# [Input records]
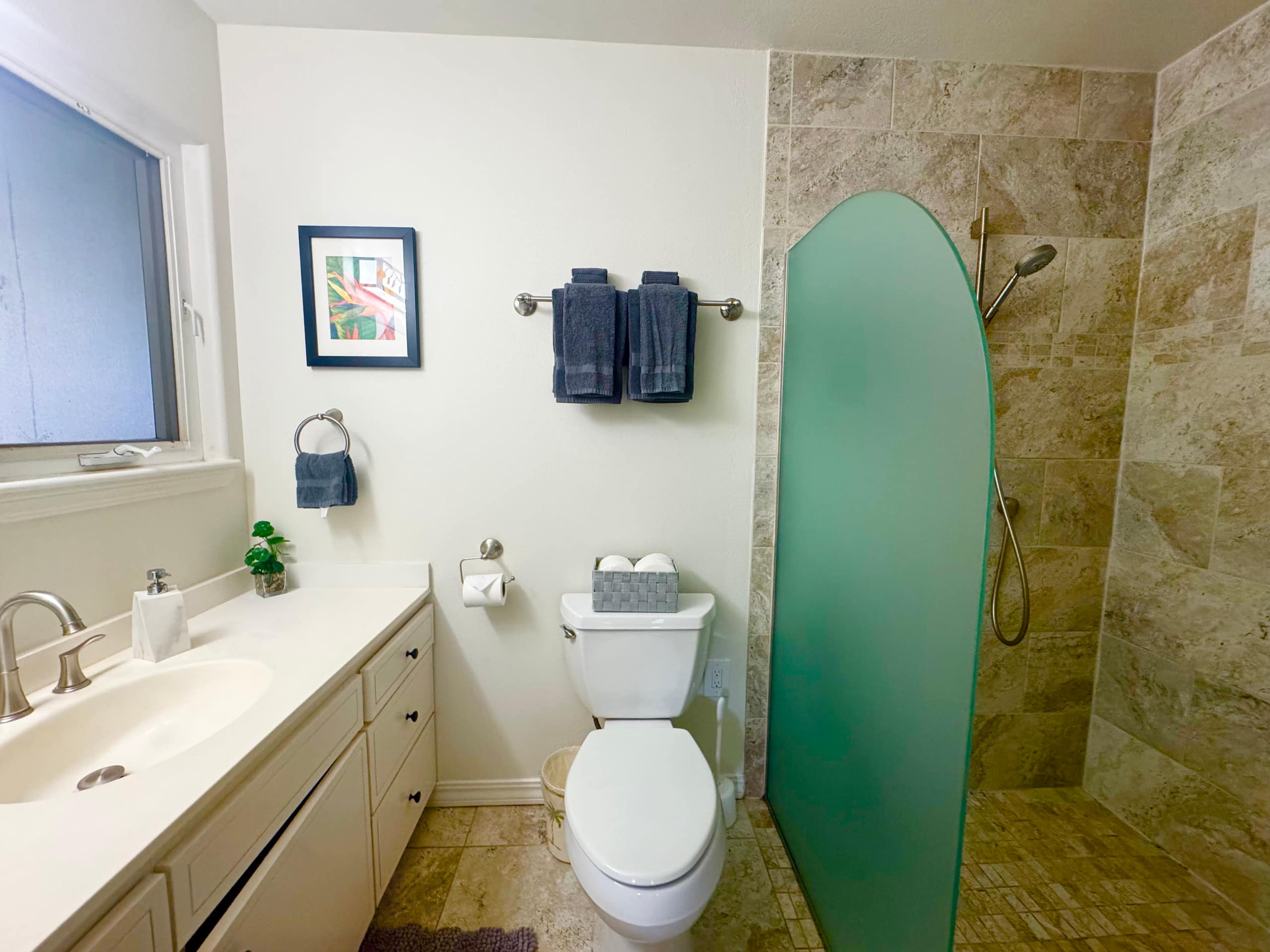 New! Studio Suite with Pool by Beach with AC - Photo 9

* * *

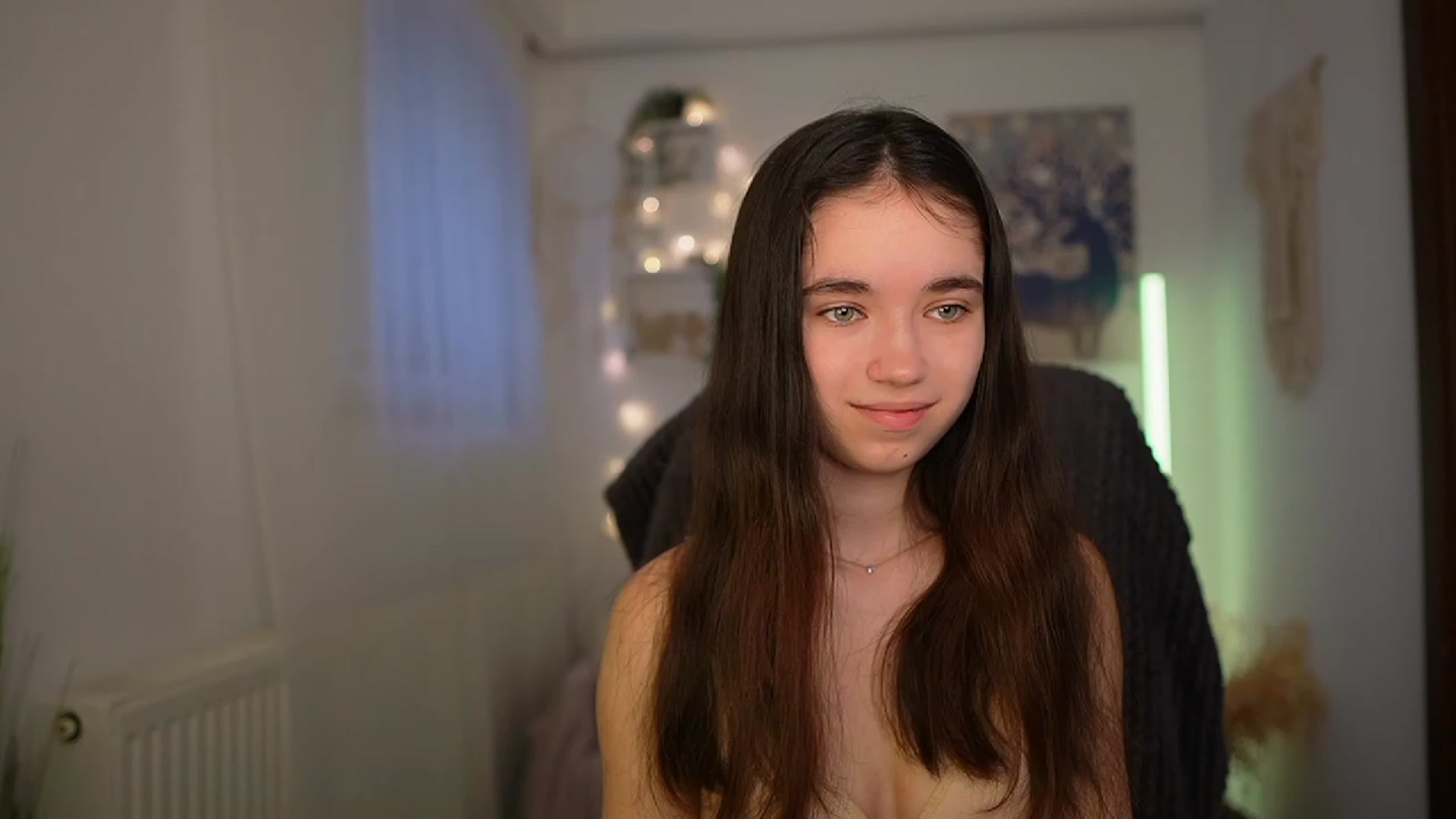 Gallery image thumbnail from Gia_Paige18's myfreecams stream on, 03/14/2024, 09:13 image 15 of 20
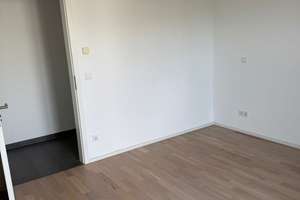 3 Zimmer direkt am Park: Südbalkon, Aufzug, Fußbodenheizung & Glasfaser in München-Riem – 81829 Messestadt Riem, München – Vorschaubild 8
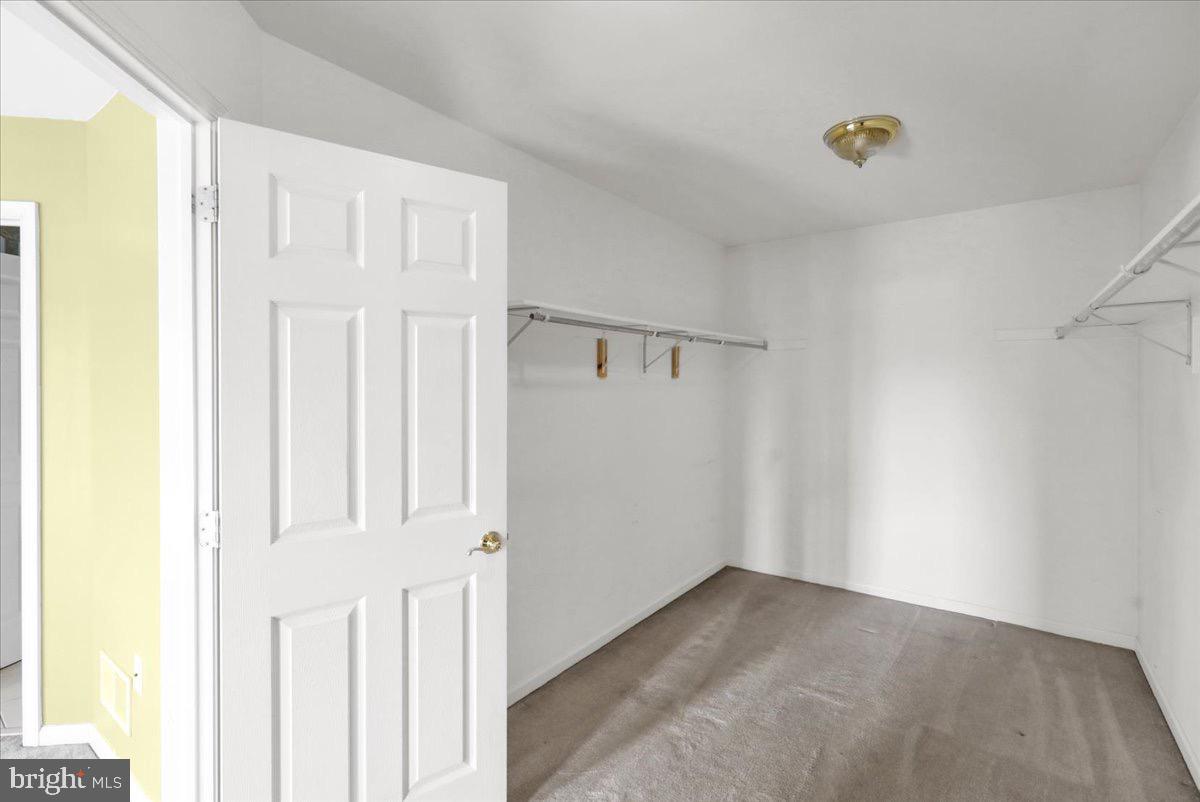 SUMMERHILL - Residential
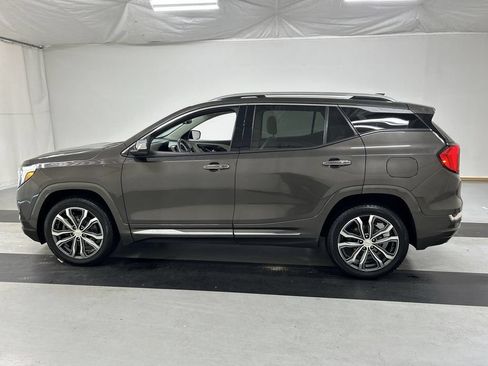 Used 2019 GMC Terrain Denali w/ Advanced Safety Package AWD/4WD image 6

# [About this task]
Set down again, word for word, every line from the one with "SUMMERHILL - Residential" to the one with "Used 2019 GMC" in the entries above, and omit the pictures.

# [Exercise result]
 SUMMERHILL - Residential
 Used 2019 GMC Terrain Denali w/ Advanced Safety Package AWD/4WD image 6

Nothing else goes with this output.